Problem to solve:
Your job is to restate each entry word for word.

Short descriptive text snippets
────────────────
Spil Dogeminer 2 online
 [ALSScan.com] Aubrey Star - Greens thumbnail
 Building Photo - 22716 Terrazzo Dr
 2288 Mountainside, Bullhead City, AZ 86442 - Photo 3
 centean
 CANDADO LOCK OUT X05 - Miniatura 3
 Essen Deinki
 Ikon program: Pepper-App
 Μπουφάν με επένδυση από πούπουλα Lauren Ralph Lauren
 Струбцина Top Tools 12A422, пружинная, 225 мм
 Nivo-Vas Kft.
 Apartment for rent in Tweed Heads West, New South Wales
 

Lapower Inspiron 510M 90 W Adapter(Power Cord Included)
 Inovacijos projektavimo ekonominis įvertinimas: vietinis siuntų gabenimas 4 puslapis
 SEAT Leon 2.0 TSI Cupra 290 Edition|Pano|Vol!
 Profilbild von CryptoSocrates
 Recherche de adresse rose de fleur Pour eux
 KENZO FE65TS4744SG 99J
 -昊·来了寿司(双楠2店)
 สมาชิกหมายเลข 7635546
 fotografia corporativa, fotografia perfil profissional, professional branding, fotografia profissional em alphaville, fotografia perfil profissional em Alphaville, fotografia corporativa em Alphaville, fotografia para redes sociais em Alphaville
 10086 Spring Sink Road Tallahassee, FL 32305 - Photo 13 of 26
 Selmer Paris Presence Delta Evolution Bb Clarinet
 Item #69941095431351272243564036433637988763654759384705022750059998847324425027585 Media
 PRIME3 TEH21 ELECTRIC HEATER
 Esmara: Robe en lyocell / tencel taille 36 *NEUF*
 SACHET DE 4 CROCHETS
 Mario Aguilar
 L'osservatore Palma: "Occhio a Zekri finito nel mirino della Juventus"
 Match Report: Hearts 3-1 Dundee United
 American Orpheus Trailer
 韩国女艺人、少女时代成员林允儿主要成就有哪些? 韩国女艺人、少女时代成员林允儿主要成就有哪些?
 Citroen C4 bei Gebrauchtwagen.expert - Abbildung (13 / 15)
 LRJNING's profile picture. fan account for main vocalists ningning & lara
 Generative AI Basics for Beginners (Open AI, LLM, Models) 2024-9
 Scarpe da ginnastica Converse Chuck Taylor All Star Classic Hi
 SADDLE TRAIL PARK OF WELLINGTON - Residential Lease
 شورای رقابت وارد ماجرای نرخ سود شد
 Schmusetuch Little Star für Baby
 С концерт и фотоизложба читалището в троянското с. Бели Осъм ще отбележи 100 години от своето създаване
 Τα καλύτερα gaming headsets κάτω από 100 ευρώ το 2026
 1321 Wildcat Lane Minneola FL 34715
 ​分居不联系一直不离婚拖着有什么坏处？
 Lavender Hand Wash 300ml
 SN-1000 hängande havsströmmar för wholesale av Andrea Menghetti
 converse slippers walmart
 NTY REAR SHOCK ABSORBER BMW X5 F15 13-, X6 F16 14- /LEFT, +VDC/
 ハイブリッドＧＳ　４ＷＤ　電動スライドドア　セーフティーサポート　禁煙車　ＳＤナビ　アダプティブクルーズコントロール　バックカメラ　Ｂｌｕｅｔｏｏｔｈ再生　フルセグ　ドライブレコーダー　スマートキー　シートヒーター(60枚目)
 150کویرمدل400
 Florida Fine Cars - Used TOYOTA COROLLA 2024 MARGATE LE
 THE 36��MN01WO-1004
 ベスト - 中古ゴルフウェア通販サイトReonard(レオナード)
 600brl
────────────────
Expected answer:
Spil Dogeminer 2 online
 [ALSScan.com] Aubrey Star - Greens thumbnail
 Building Photo - 22716 Terrazzo Dr
 2288 Mountainside, Bullhead City, AZ 86442 - Photo 3
 centean
 CANDADO LOCK OUT X05 - Miniatura 3
 Essen Deinki
 Ikon program: Pepper-App
 Μπουφάν με επένδυση από πούπουλα Lauren Ralph Lauren
 Струбцина Top Tools 12A422, пружинная, 225 мм
 Nivo-Vas Kft.
 Apartment for rent in Tweed Heads West, New South Wales
 

Lapower Inspiron 510M 90 W Adapter(Power Cord Included)
 Inovacijos projektavimo ekonominis įvertinimas: vietinis siuntų gabenimas 4 puslapis
 SEAT Leon 2.0 TSI Cupra 290 Edition|Pano|Vol!
 Profilbild von CryptoSocrates
 Recherche de adresse rose de fleur Pour eux
 KENZO FE65TS4744SG 99J
 -昊·来了寿司(双楠2店)
 สมาชิกหมายเลข 7635546
 fotografia corporativa, fotografia perfil profissional, professional branding, fotografia profissional em alphaville, fotografia perfil profissional em Alphaville, fotografia corporativa em Alphaville, fotografia para redes sociais em Alphaville
 10086 Spring Sink Road Tallahassee, FL 32305 - Photo 13 of 26
 Selmer Paris Presence Delta Evolution Bb Clarinet
 Item #69941095431351272243564036433637988763654759384705022750059998847324425027585 Media
 PRIME3 TEH21 ELECTRIC HEATER
 Esmara: Robe en lyocell / tencel taille 36 *NEUF*
 SACHET DE 4 CROCHETS
 Mario Aguilar
 L'osservatore Palma: "Occhio a Zekri finito nel mirino della Juventus"
 Match Report: Hearts 3-1 Dundee United
 American Orpheus Trailer
 韩国女艺人、少女时代成员林允儿主要成就有哪些? 韩国女艺人、少女时代成员林允儿主要成就有哪些?
 Citroen C4 bei Gebrauchtwagen.expert - Abbildung (13 / 15)
 LRJNING's profile picture. fan account for main vocalists ningning & lara
 Generative AI Basics for Beginners (Open AI, LLM, Models) 2024-9
 Scarpe da ginnastica Converse Chuck Taylor All Star Classic Hi
 SADDLE TRAIL PARK OF WELLINGTON - Residential Lease
 شورای رقابت وارد ماجرای نرخ سود شد
 Schmusetuch Little Star für Baby
 С концерт и фотоизложба читалището в троянското с. Бели Осъм ще отбележи 100 години от своето създаване
 Τα καλύτερα gaming headsets κάτω από 100 ευρώ το 2026
 1321 Wildcat Lane Minneola FL 34715
 ​分居不联系一直不离婚拖着有什么坏处？
 Lavender Hand Wash 300ml
 SN-1000 hängande havsströmmar för wholesale av Andrea Menghetti
 converse slippers walmart
 NTY REAR SHOCK ABSORBER BMW X5 F15 13-, X6 F16 14- /LEFT, +VDC/
 ハイブリッドＧＳ　４ＷＤ　電動スライドドア　セーフティーサポート　禁煙車　ＳＤナビ　アダプティブクルーズコントロール　バックカメラ　Ｂｌｕｅｔｏｏｔｈ再生　フルセグ　ドライブレコーダー　スマートキー　シートヒーター(60枚目)
 150کویرمدل400
 Florida Fine Cars - Used TOYOTA COROLLA 2024 MARGATE LE
 THE 36��MN01WO-1004
 ベスト - 中古ゴルフウェア通販サイトReonard(レオナード)
 600brl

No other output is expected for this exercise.